In recent years, the rated voltage range of commercially available polymer aluminum electrolytic capacitors has been increased through improvements of the electrically conductive polymers and the optimization of the process steps in the production. Jianghai and their joint-venture partner ELNA succeeded through intensive research and development to produce a new series of polymer aluminum electrolytic capacitors with an unprecedented rated voltage range of up to 200 V. Thus, further fields of application, such as automotive electronics, industrial automation, LED ballasts, telecom infrastructure and white goods can now make use of this advanced capacitor technology.
Construction of polymer aluminum electrolytic capacitors
The construction of solid conductive polymer aluminum electrolytic capacitors is similar to wet aluminum electrolytic capacitors [1, 2].
Figure 1: Construction of (a) radial leaded, (b) radial SMD, and (c) SMD stacked polymer aluminum electrolytic capacitors
The main difference between the two technologies is the electrolyte. While the “classic” aluminum electrolyte capacitors contain a liquid electrolyte as cathode connection to the roughened and formed surface of the aluminum anode, polymer electrolyte capacitors utilize a solid electrolyte, i.e. an electrically conducting plastic.
In particular, the wound cell type (both for radial leaded and surfacemount electrolytic capacitors) and the stacked design (for SMD Capacitors) are commonly found in the market (figure 1).
Electrically conducting plastics
Plastics or polymers are lightweight, durable and they can be processed easily. They are used in many applications as an alternative to traditional materials. But, as most plastics are insulators, they cannot be used like metals or semiconductors to conduct any electrical current .
In 1977, a team led by Hideki Shirakawa produced a shiny plastic film by the accidental overdose of a catalyst. Surprisingly, this film allowed for an electrical current flow. Together, Alan G. Mac Diarmid, Alan J. Heeger and Hideki Shirakawa explored the fundamentals of this phenomenon and were awarded the Nobel Prize for Chemistry in 2000 .
While metals and semiconductors have relatively close adjacent so-called energy bands, regular plastics have energy bands so far apart from each other that a current flow is impossible under normal conditions  (figure 2).
Figure 2: Simplified representation of the energy bands for different materials 
An exception is the group of “conjugated polymers”, which involves alternating single and double bonds such as plastics with extended π electron systems. The p-electrons are not tied to a single molecule, but they are rather characterized by a high mobility along the molecule chain. Through the conjugation of many p-electrons, a wide band of highest occupied molecular orbital (valence band) and the lowest unoccupied molecular orbital (conduction band) is formed in the plastic molecule chain.

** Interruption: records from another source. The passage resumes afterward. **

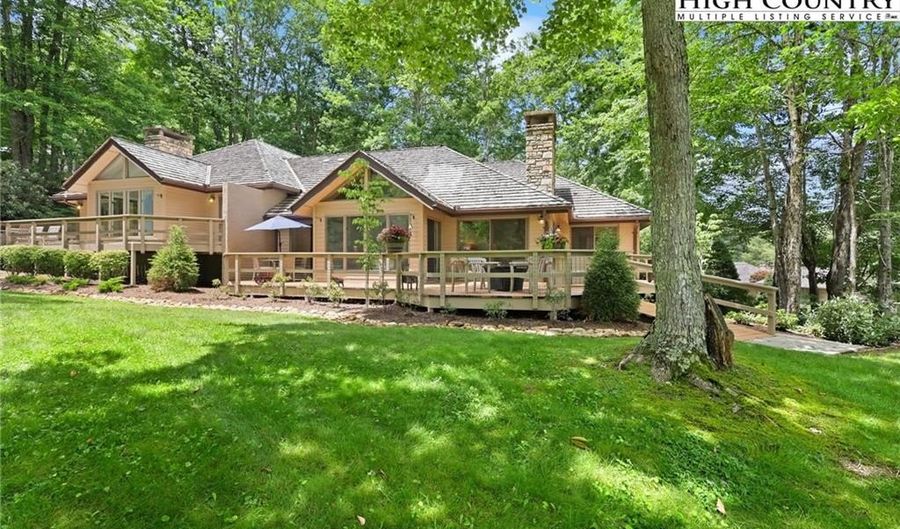 870 Clubhouse Dr A2, Banner Elk, NC 28604 - 3 Beds, 4 Bath
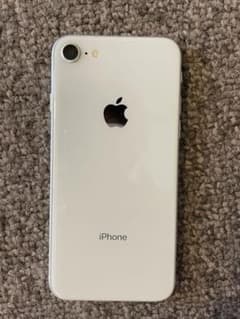 iPhone 8 Silver 64 GB SIMフリーのサムネイル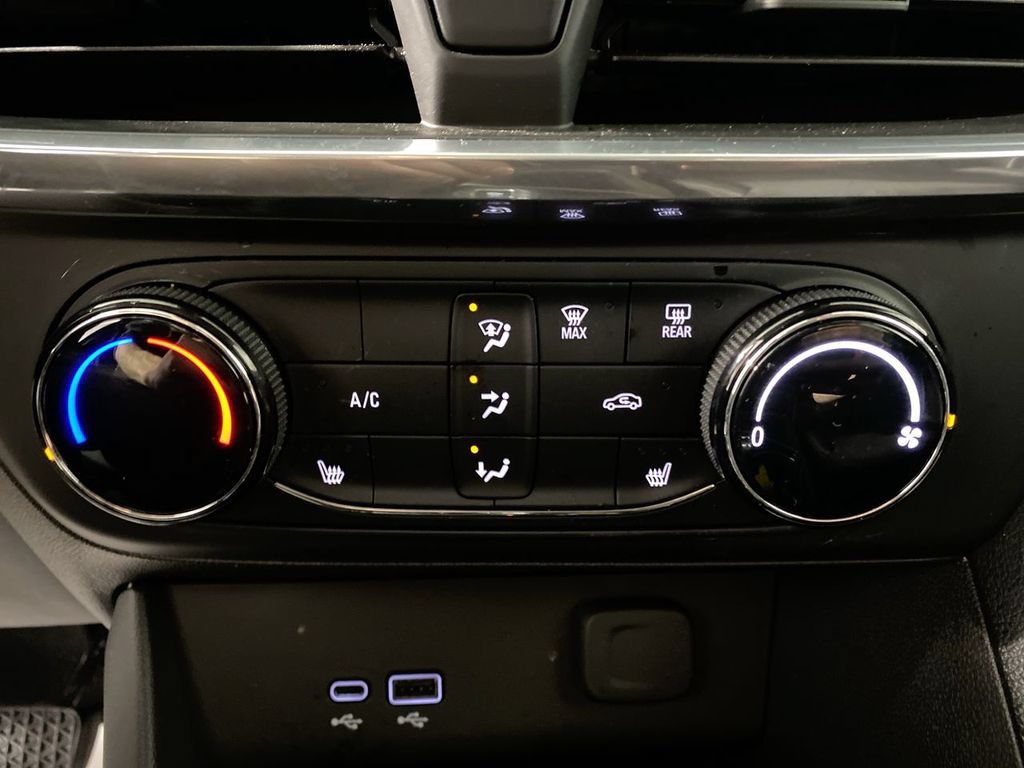 Certified 2024 Buick Encore GX Preferred w/ Comfort Package FWD image 18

The electrical conductivity of conjugated polymers is called intrinsic conductivity, and it is initially quite low. Through the generation of positive particles, e.g. by (electro-) chemical oxidation, the conductivity can be increased considerably (figure 3). This process is also known as doping, while this is not comparable to the doping (of few) foreign atoms in the semiconductor process.
Initially, the electrical conductivity merely exists within the polymer chains. In order to enable the whole material to conduct an electrical current, the ends of the polymer chains need to be close enough to each other to allow the electrons to jump from one polymer chain to the next .
Figure 3: Conductivity of some materials as compared to conjugated polymers 
The sensitivity of many polymers to elevated temperatures, atmospheric oxygen and moisture is a major challenge in the development of intrinsically conductive polymers for use in electronic components . Table 1 shows the typical electrical conductivity of cathode materials for aluminum electrolytic capacitors.
Table 1: Electrical conductivity of some cathode materials (typical values)
More stable polymers on the basis of thiophene, pyrrole and aniline are found in various technical applications, while a combination of poly-3,4ethylenedioxythiopene and polystyrolesulfonicacid proved to be especially advantageous .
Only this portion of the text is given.